(Stored data entries)
====================

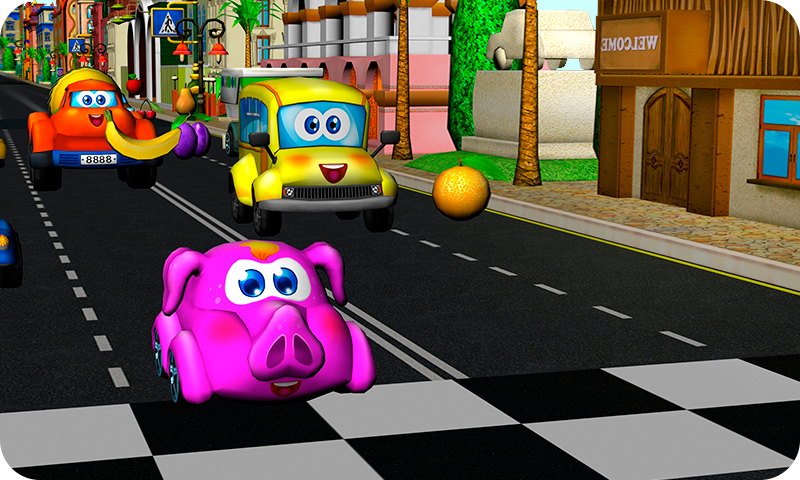اسکرین شات 2 بازی Kids - racing games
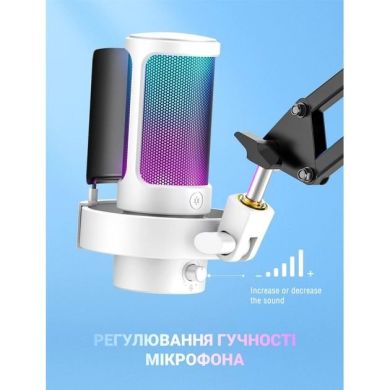 Мікрофон Fifine RGB Ampligame A8W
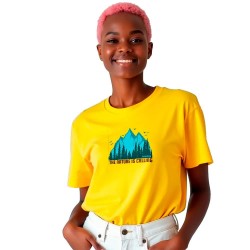 тениска,мъжки,тениски,дамски,тениски,kruskis,the,nature,is,calling,short,sleeve,t,shirt,yellow,(yellow)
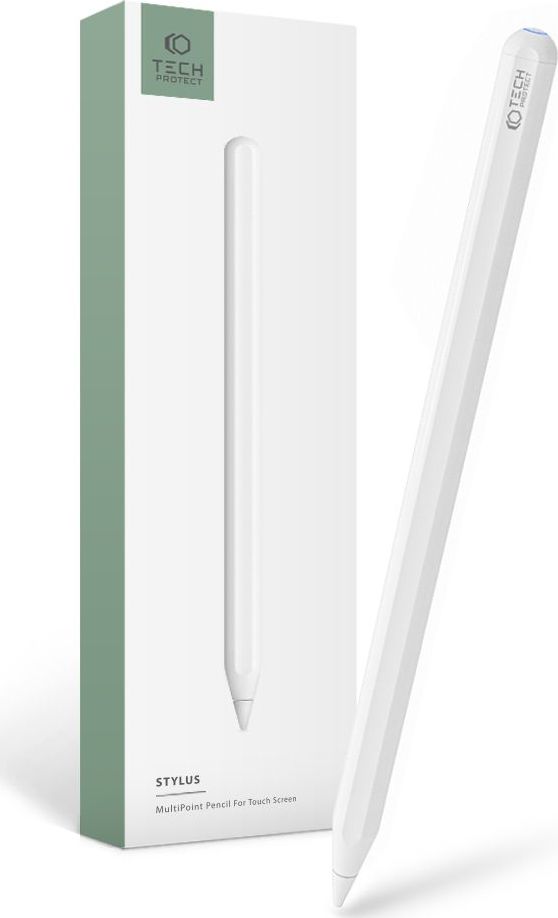 TECH-PROTECT DIGITAL STYLUS PEN ”2” PRO IPAD WHITE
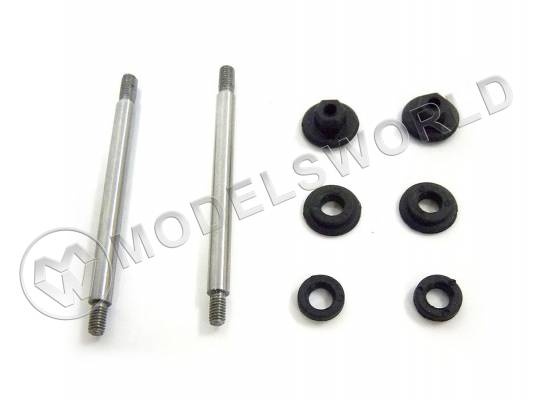 Шток задних амортизаторов для Himoto E10, 2 шт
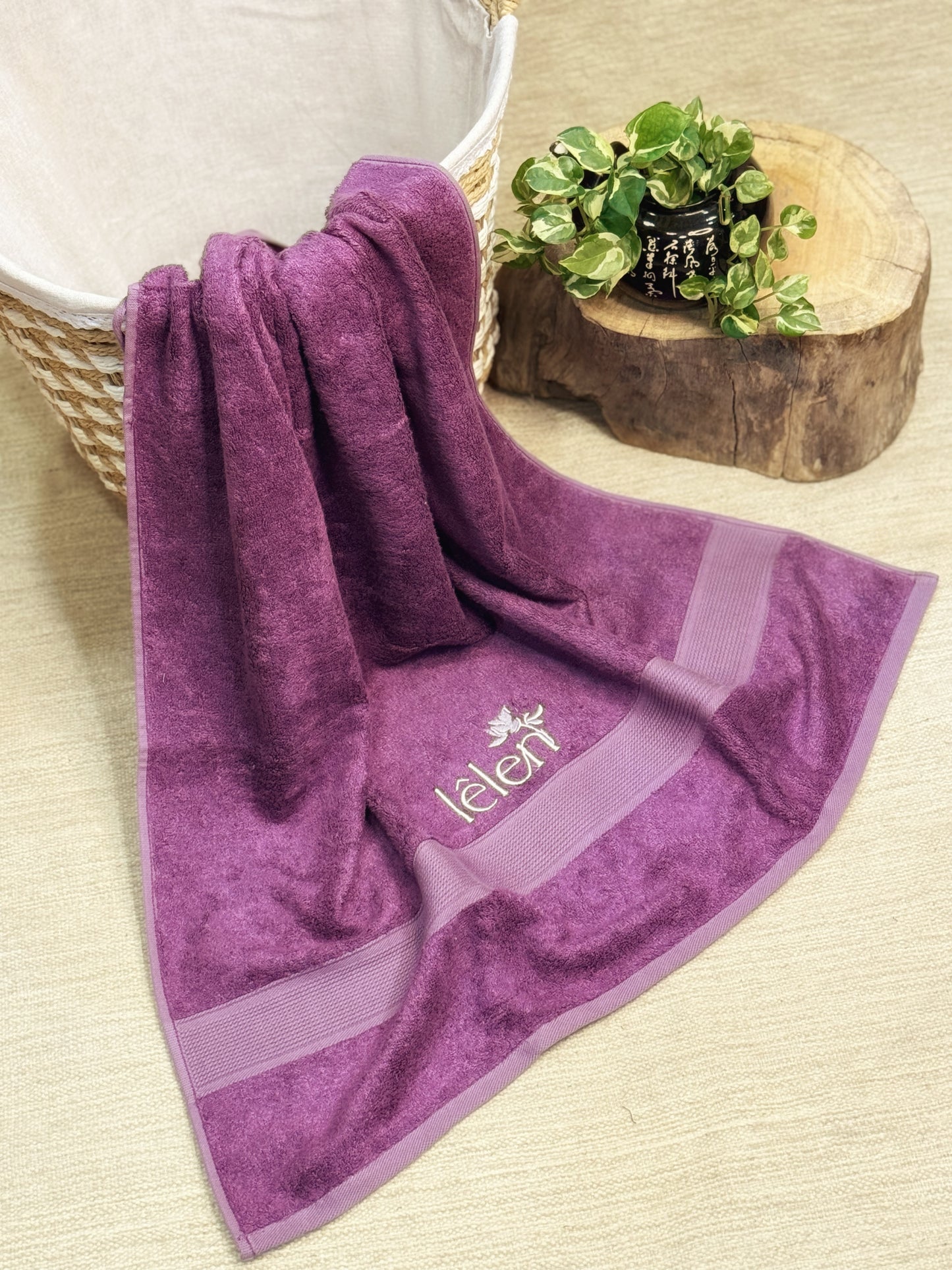 Premium Fine Bamboo Bath Towels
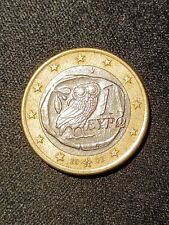 Usado, 2002 Greece 1 Euro  coin - AUNC/UNC -  #C140 comprar usado  Enviando para Brazil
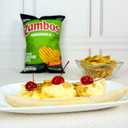 Zambos Plantain Chips Original, Crunchy Ridged Cut Premium Plantain Chips 5.30 oz (Pack of 1) Best By: Jan/24/26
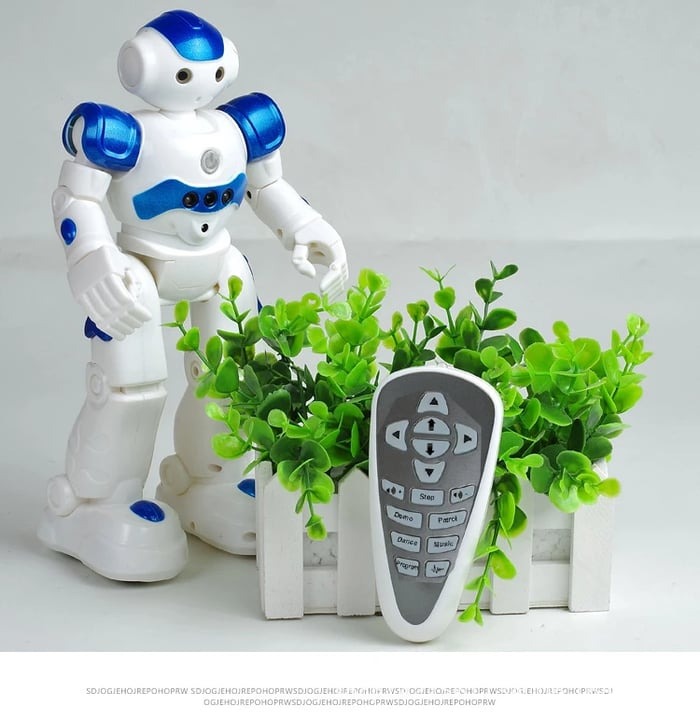 RoboLern™ Smart Kinder-Roboter | Gestensteuerung, Musik &amp; Tanz | Programmierbar | Interaktives Lernspielzeug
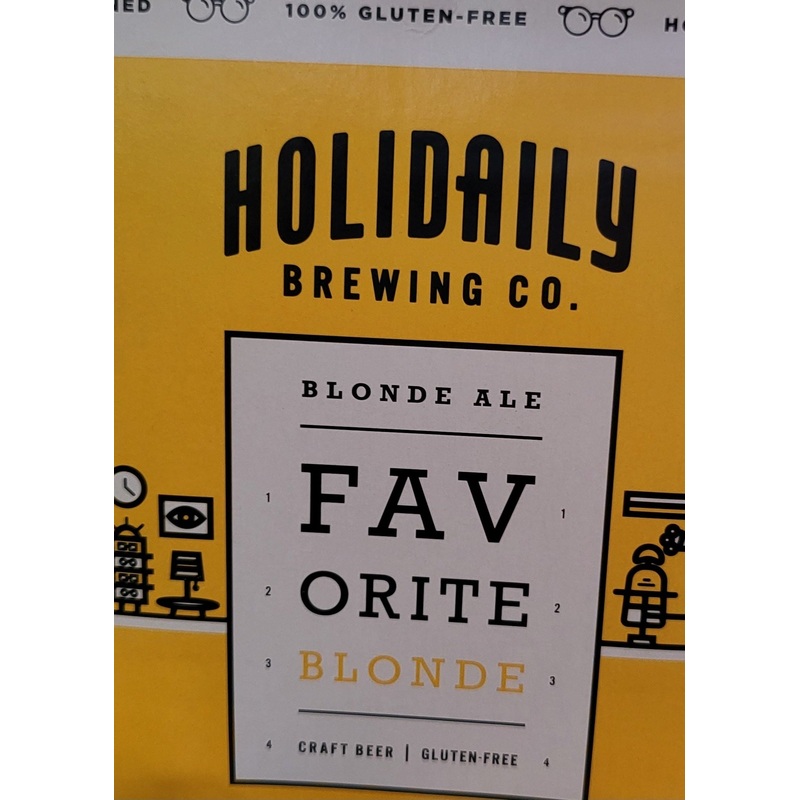 HOLIDAILY BREW Favorite Blonde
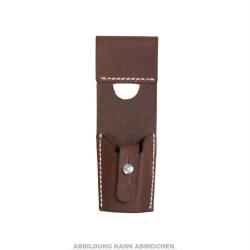 Porte-fourreau de ba&iuml;onnette mod&egrave;le 57 en cuir suisse, stock - Autre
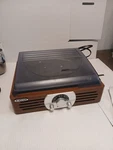 Jensen JTA-222 Record Player 3-SPEED Stereo Wooden Case Turntable. Fixed Price $40.00.
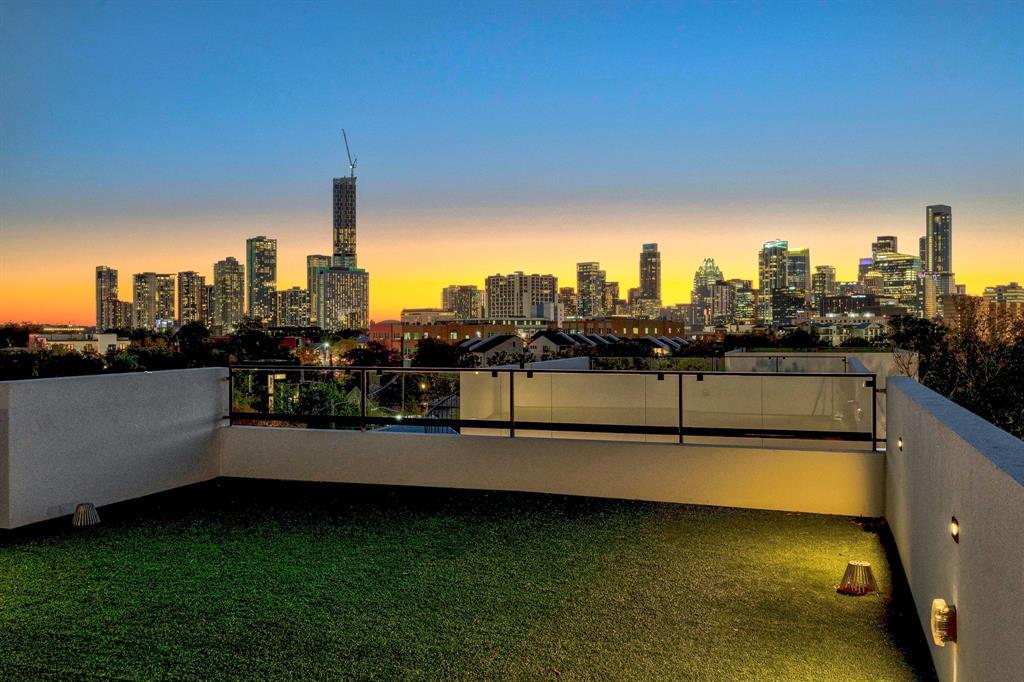 View 1175 Navasota St Unit #2 in Robertson George L 1175 Navasota St Unit #2 - front exterior - Luxury home in Robertson George L, Austin, TX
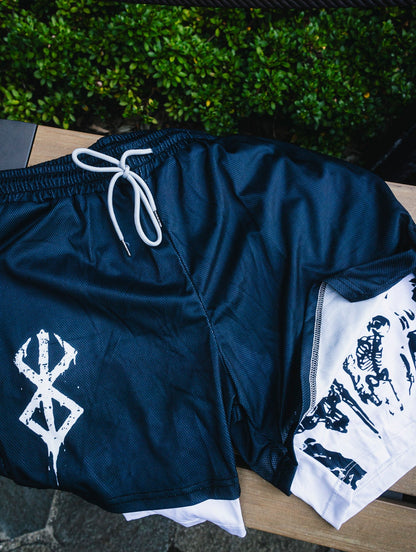 BRAND OF SACRIFICE PERFORMANCE SHORTS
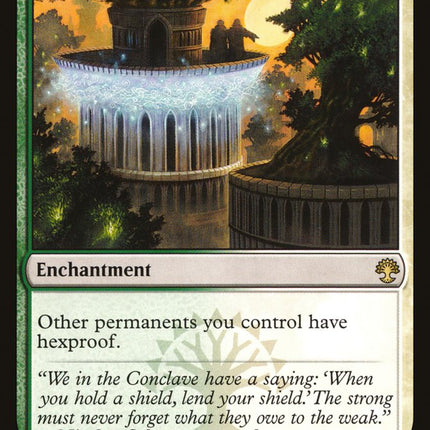 Privileged Position [Guilds of Ravnica Guild Kit]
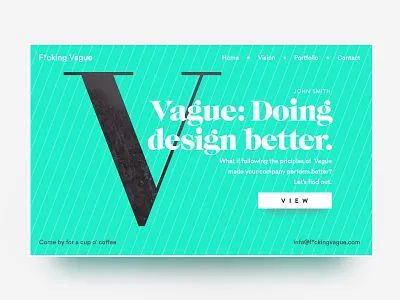 Daily Dose of Design: 027 card daily dose of design ddod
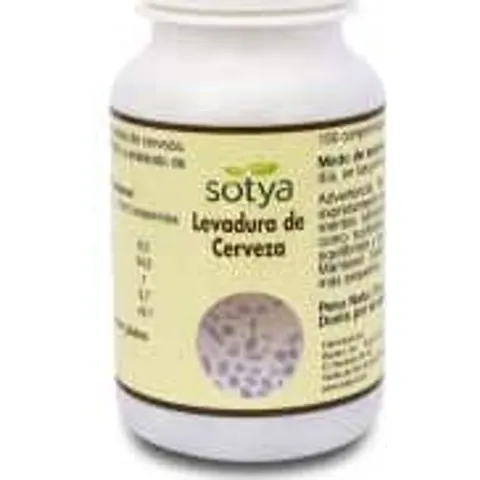 Sotya Levadura Cerveza 150 comp – imagen 3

====================

- **AIM OF THE TASK**: Give back the data exactly, with no images.

- **RESPONSE AREA**:
اسکرین شات 2 بازی Kids - racing games
 Мікрофон Fifine RGB Ampligame A8W
 тениска,мъжки,тениски,дамски,тениски,kruskis,the,nature,is,calling,short,sleeve,t,shirt,yellow,(yellow)
 TECH-PROTECT DIGITAL STYLUS PEN ”2” PRO IPAD WHITE
 Шток задних амортизаторов для Himoto E10, 2 шт
 Premium Fine Bamboo Bath Towels
 Usado, 2002 Greece 1 Euro  coin - AUNC/UNC -  #C140 comprar usado  Enviando para Brazil
 Zambos Plantain Chips Original, Crunchy Ridged Cut Premium Plantain Chips 5.30 oz (Pack of 1) Best By: Jan/24/26
 RoboLern™ Smart Kinder-Roboter | Gestensteuerung, Musik &amp; Tanz | Programmierbar | Interaktives Lernspielzeug
 HOLIDAILY BREW Favorite Blonde
 Porte-fourreau de ba&iuml;onnette mod&egrave;le 57 en cuir suisse, stock - Autre
 Jensen JTA-222 Record Player 3-SPEED Stereo Wooden Case Turntable. Fixed Price $40.00.
 View 1175 Navasota St Unit #2 in Robertson George L 1175 Navasota St Unit #2 - front exterior - Luxury home in Robertson George L, Austin, TX
 BRAND OF SACRIFICE PERFORMANCE SHORTS
 Privileged Position [Guilds of Ravnica Guild Kit]
 Daily Dose of Design: 027 card daily dose of design ddod
 Sotya Levadura Cerveza 150 comp – imagen 3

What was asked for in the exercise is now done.